Description of the task:
Repeat, word for word, each of the records shown below, without their pictures.

[Recorded data]
══════

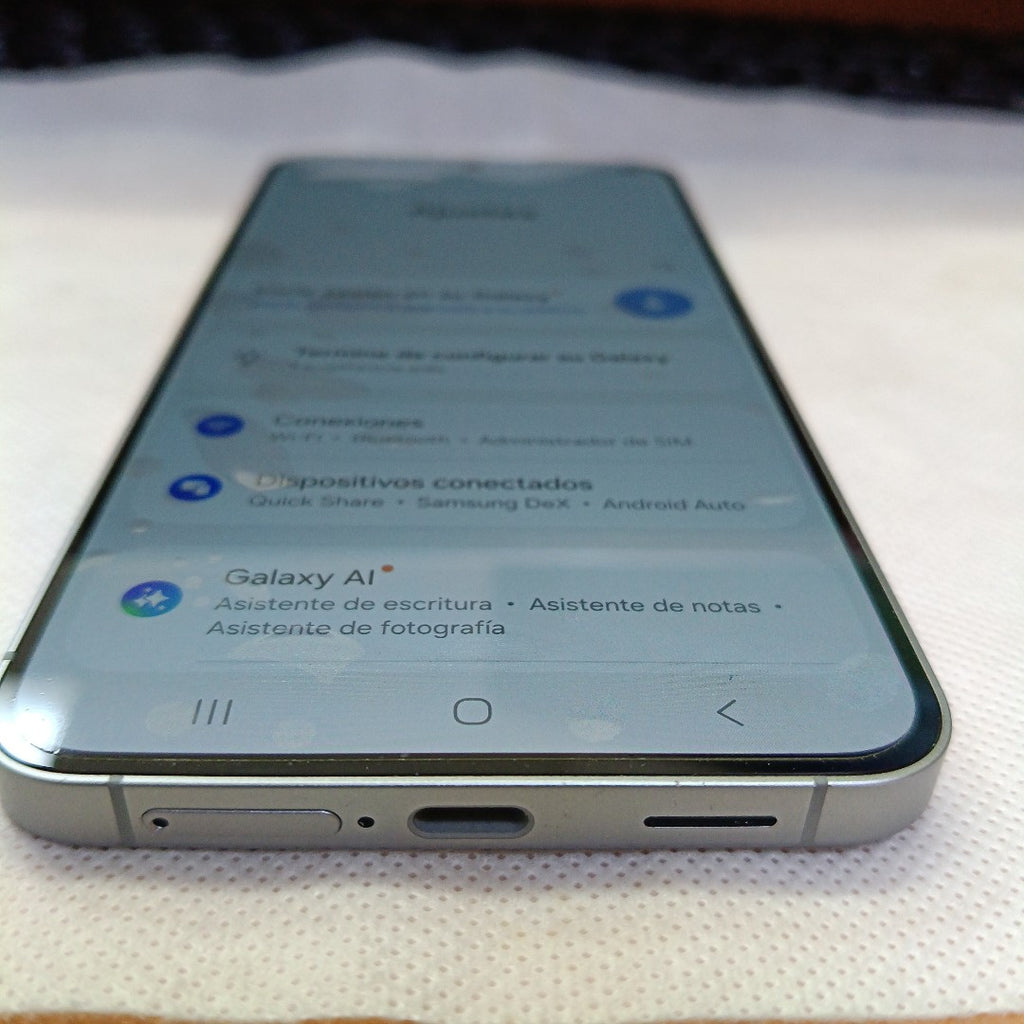 CELULAR SAMSUNG GALAXY S25 FE SM-S731B (2025) 256 GB 8 GB RAM (SEMINUEVO)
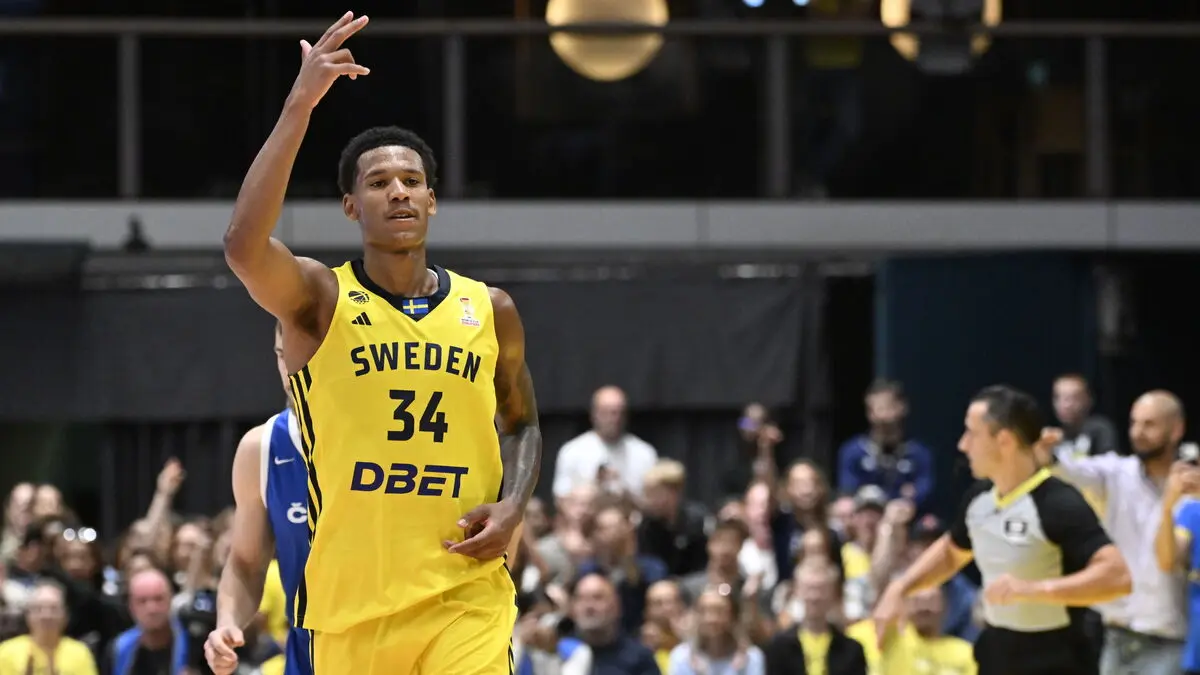 Sweden keeps World Cup dream alive with 87-76 win over Czech Republic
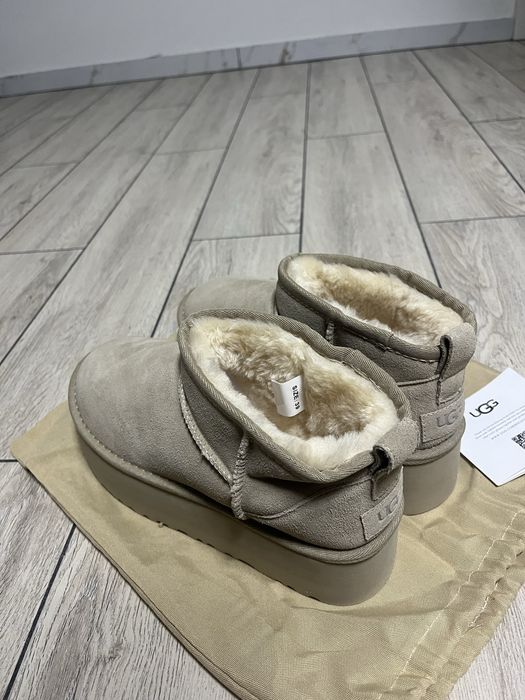 Cizme UGG platform mini sand marimea 39 pentru femei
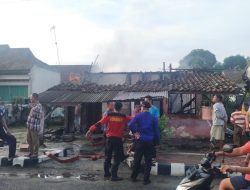 Rumah Warga Menggala Tengah Hangus Dilalap Api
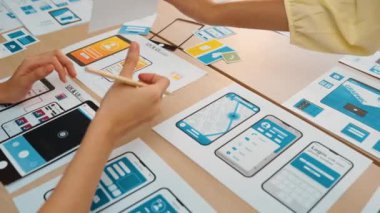 Mobil uygulama ya da web sitesi için kullanıcı arayüzü prototipi planlayan şirket çalışanlarının panorama videosu. UX UI tasarım beyin fırtınası kullanıcı dostu arayüz planı tasarlıyor. Sinerjik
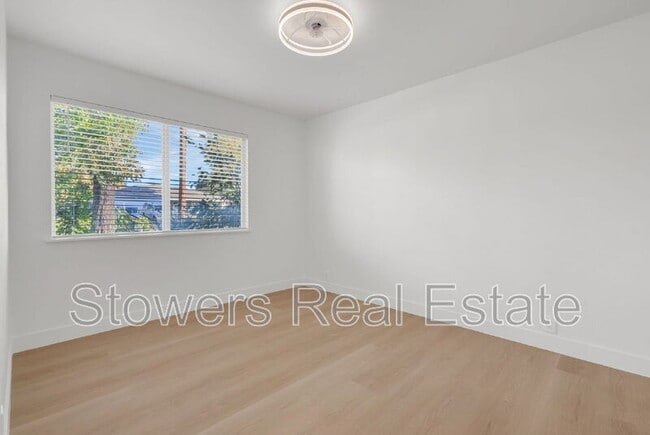 Building Photo - 3225 Claudia Dr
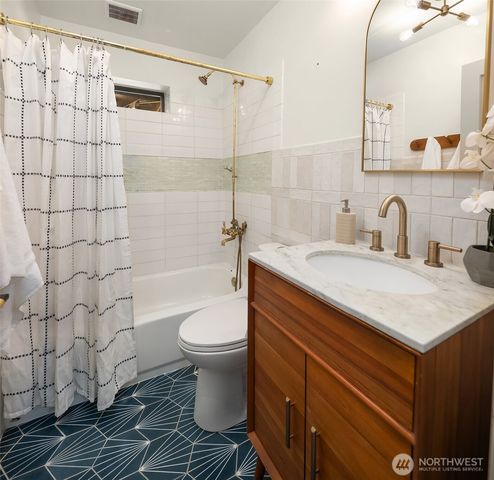 12640 Manzanita Road NE, Bainbridge Island, WA 98110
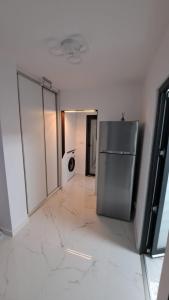 a empty room with a refrigerator in the middle of it at Apartament lângă Port Turistic Mangalia 2 camere decomandate, renovat 2023 in Mangalia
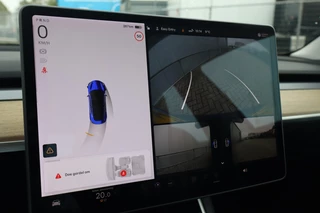 Tesla Model 3 - afbeelding nr 5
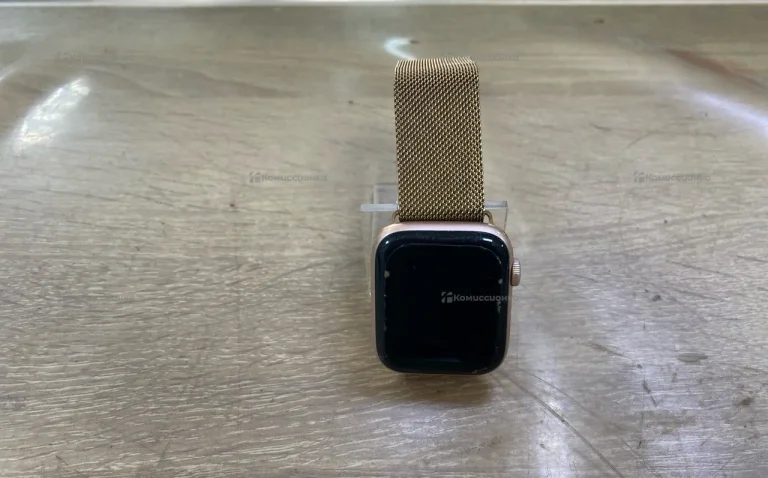 Часы Apple Watch 4 44mm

══════

Solution to the problem:
 CELULAR SAMSUNG GALAXY S25 FE SM-S731B (2025) 256 GB 8 GB RAM (SEMINUEVO)
 Sweden keeps World Cup dream alive with 87-76 win over Czech Republic
 Cizme UGG platform mini sand marimea 39 pentru femei
 Rumah Warga Menggala Tengah Hangus Dilalap Api
 Mobil uygulama ya da web sitesi için kullanıcı arayüzü prototipi planlayan şirket çalışanlarının panorama videosu. UX UI tasarım beyin fırtınası kullanıcı dostu arayüz planı tasarlıyor. Sinerjik
 Building Photo - 3225 Claudia Dr
 12640 Manzanita Road NE, Bainbridge Island, WA 98110
 a empty room with a refrigerator in the middle of it at Apartament lângă Port Turistic Mangalia 2 camere decomandate, renovat 2023 in Mangalia
 Tesla Model 3 - afbeelding nr 5
 Часы Apple Watch 4 44mm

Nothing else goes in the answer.